Le capitaine achevait à peine de prononcer ces paroles lorsque la pirogue accosta le Mathurin ; cette pirogue, montée par une quinzaine de rameurs, nous parut sculptée avec beaucoup d’art.

Deux hommes, qui méritent certes chacun à part une courte description, en sortirent aussitôt et montèrent sur le pont de notre navire.
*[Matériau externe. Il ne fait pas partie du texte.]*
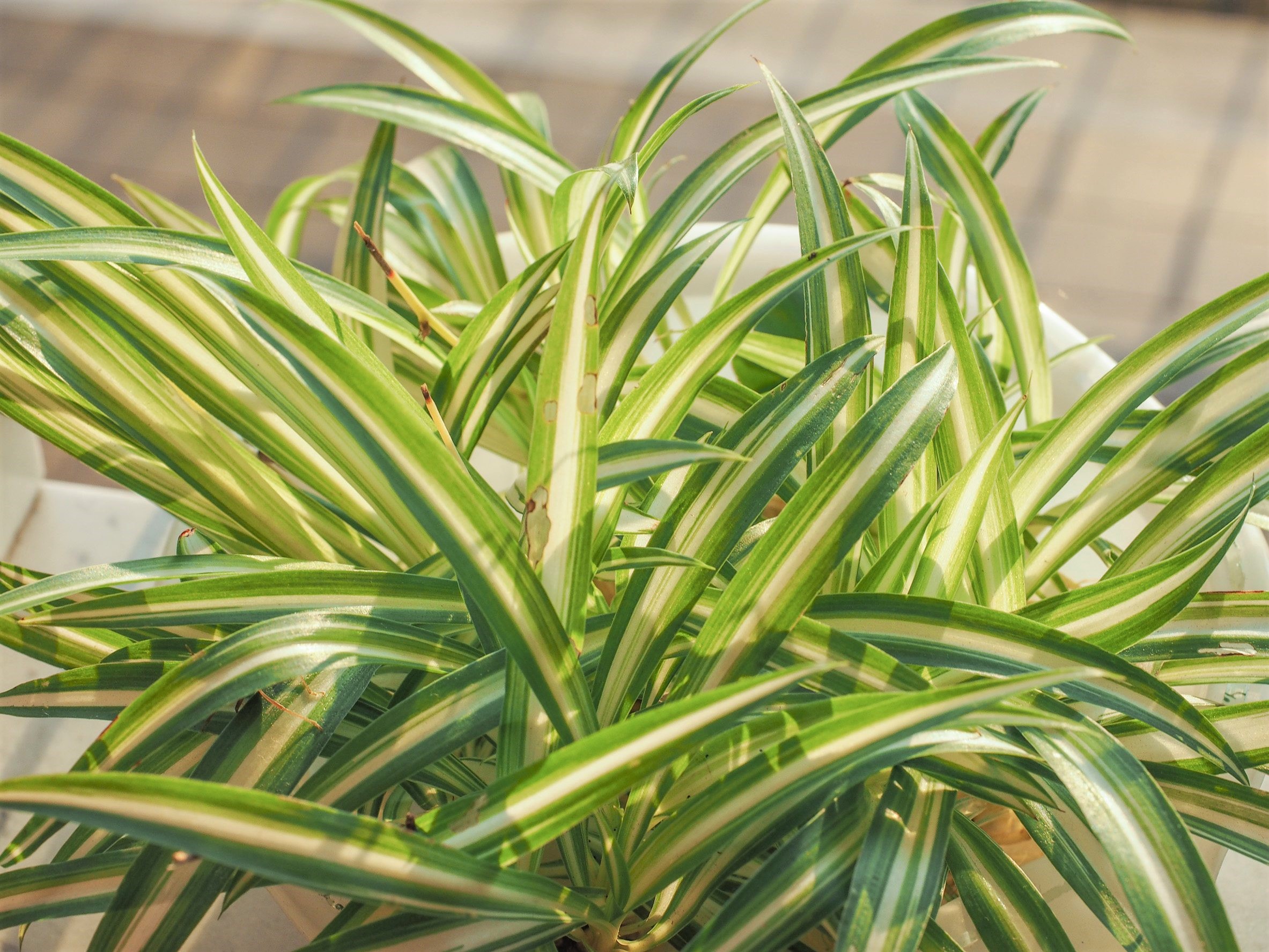 Types of Spider Plants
Le premier, et le moins remarquable des deux, avait de trente-cinq à quarante ans. Cheveux crépus, visage cuivré, taille bien prise et moyenne. Il portait pour tout costume deux pagnes : l’une enveloppait ses reins de plusieurs plis, l’autre se drapait artistement autour de sa tête.

Le reste de son corps présentait une nudité complète, moins toutefois son genou droit, auquel était attachée une espèce de torsade de rideau dont les extrémités soutenant deux espèces de glands en laine retombaient contre les mollets.

Le second personnage était certes la chose la plus curieuse du monde qu’il fût possible d’imaginer ; il représentait le grotesque absolu atteignant jusqu’au sublime. D’une stature démesurément haute, on eût pu se servir de son corps, tant sa maigreur était complète, pour un cours d’anatomie. Au haut de ce corps, qui ne finissait plus, était juchée une petite tête, presque chauve, assez semblable à celle d’un coq.